In his magisterial History of Modern Art (1968), H. H. Arnason writes that Soutine “is closer than any artist of the early twentieth century to the Abstract Expressionists, especially de Kooning” and employs a “seemingly uncontrolled but immensely descriptive brush gesture.” Tuchman doesn’t quote Arnason’s comment, but does cite Willem de Kooning’s observation that there is “a certain fleshiness in his work,” bringing to mind de Kooning’s remark that oil painting was invented to articulate flesh, and reminding us that artists invariably see other artists through the lens of their own interests.

Two de Kooning paintings were included in the show, as were two by Georg Baselitz, though his gestures look tame compared to Soutine’s. Frank Auerbach’s and especially Leon Kossoff ’s contributions perhaps come closest to Soutine’s anxious, self-dramatizing spirit; the works by Gandy Brodie, Richard Diebenkorn, Louise Fishman, and Philip Guston, however, seem almost too polite to have been included. Even Jean Dubuffet’s vigorous handling looks elegant next to Soutine’s raw, turbulent brushwork. But perhaps the strangest affinities suggested were with Louise Bourgeois’s suspended sculpture, The Quartered One, 1964–65, which looks much more Beuysian than Soutine-like, and with Joel Shapiro’s hanging geometrical constructions, which appear little more than a bad joke in this context.
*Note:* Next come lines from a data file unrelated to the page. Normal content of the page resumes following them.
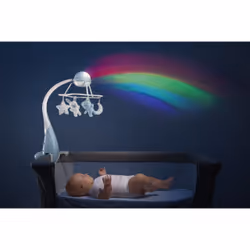 Chicco 00011041200000 Mobile pour bébé - Vue supplémentaire 9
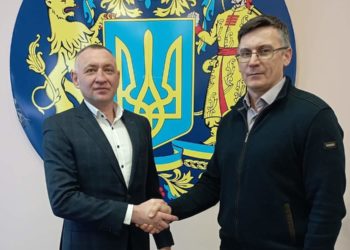 Кременецьку «Батьківщину» очолив Микола Сліпченко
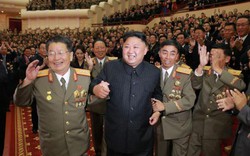 Hàn Quốc: Kim Jong-un tiến hành cuộc thanh trừng mới, nhiều người bị bắt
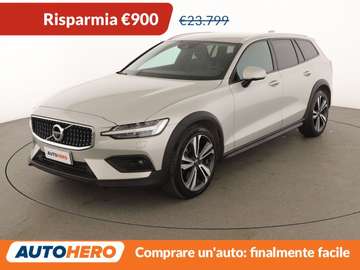2.0 D4 Business Plus AWD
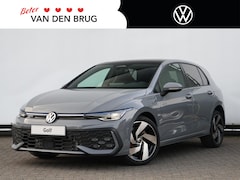 Volkswagen Golf - GTE 1.5 eHybrid 272 PK | Panormadak | Trekhaak | Camera | 18" inch velgen |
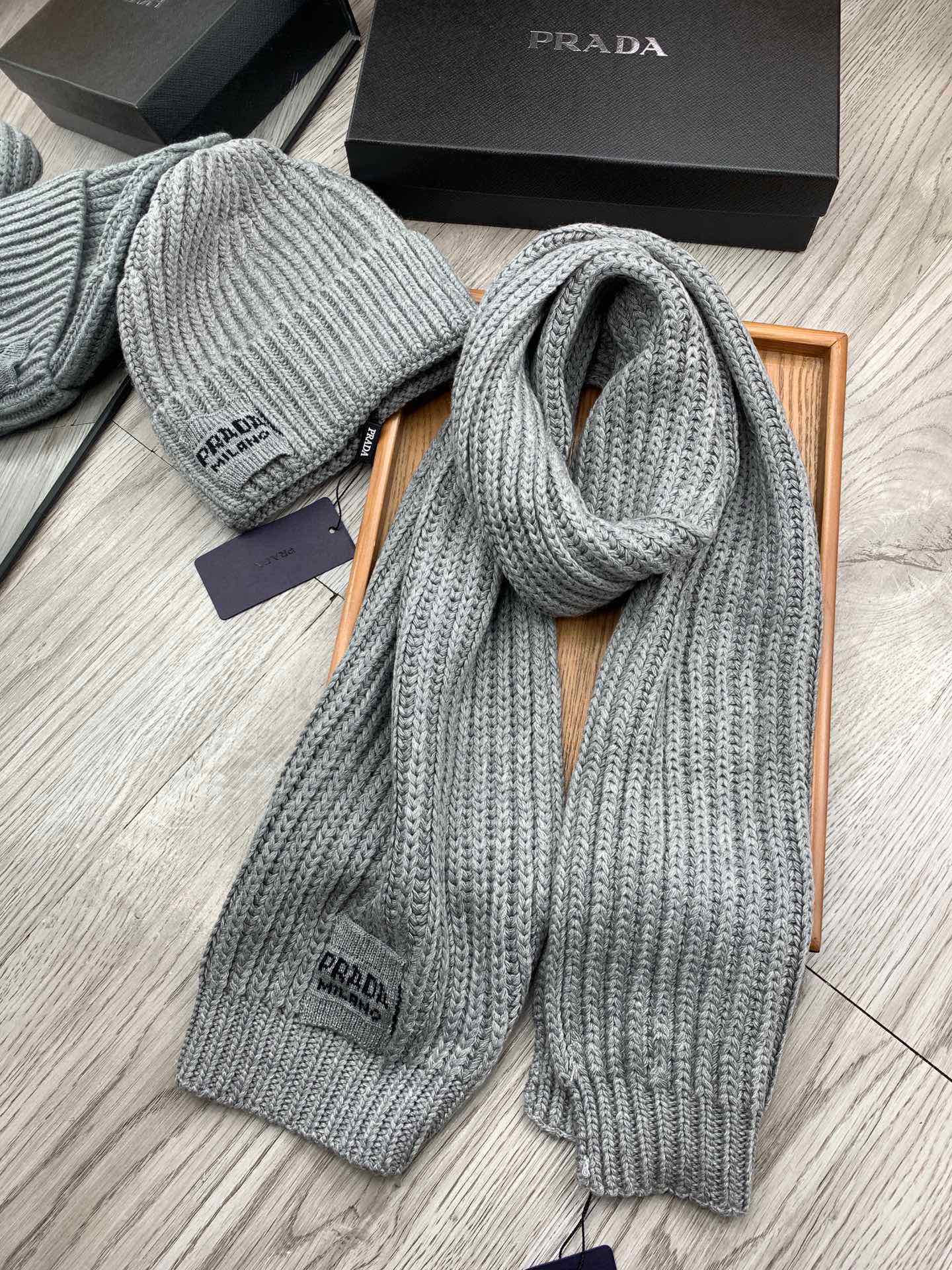 Cheap prada Hats in 224453, $50 USD- [IB224453] - Replica prada Hats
Soutine’s paintings beat all those to which they were here compared, and make most judgments sound ridiculous too. Both critics and artists generally miss the point of Soutine: They tend to see his paintings in purely formalist terms, almost entirely overlooking their fantasy, violent urgency, and uncanniness. Thus Thomas Hess, describing a Soutine landscape, acknowledges “the personal sensation of terror, violence, and paint” in it, but then stupidly remarks that the work “is fitted together as deftly as any Cubist portrait.” He’s completely wrong, or else only trivially right: The parts don’t fit seamlessly together. Instability and unsteadiness are their very point.

Why in any case should Cubism be the measure of Soutine’s Expressionism? It’s the old avant-garde party line, privileging abstraction over representation, calculation over intuition, geometry over gesture, the determined and predetermined over the indeterminate and unexpected. Clement Greenberg raved about the artist’s gesturalism, but finally dismissed his paintings as failures because, despite their attempt to translate powerful feelings into aesthetic form, they were unable to achieve “decorative unity.” It is exactly this failure that makes them poignantly great.

Soutine’s works’ Jewishness, an issue left unaddressed by the exhibition, also has a part to play: Many of his images are metaphors for Jewish suffering. It may not be fashionable to talk of the poverty of the shtetl and the persecution of the Jews in contemporary America (wealthy despite the continued existence of poverty) but Soutine’s dead animals began as humble food on an otherwise barren table, not fancy still lifes meant for aesthetic edification, and it is the painter’s experience of these things that gives his art its morbidity, independence, and sacramental character. Several major Soutines were on display here, but none of the great portraits, and however much the other artists’ contributions seemed to pick up on his themes, they almost always appeared second-rate in his company.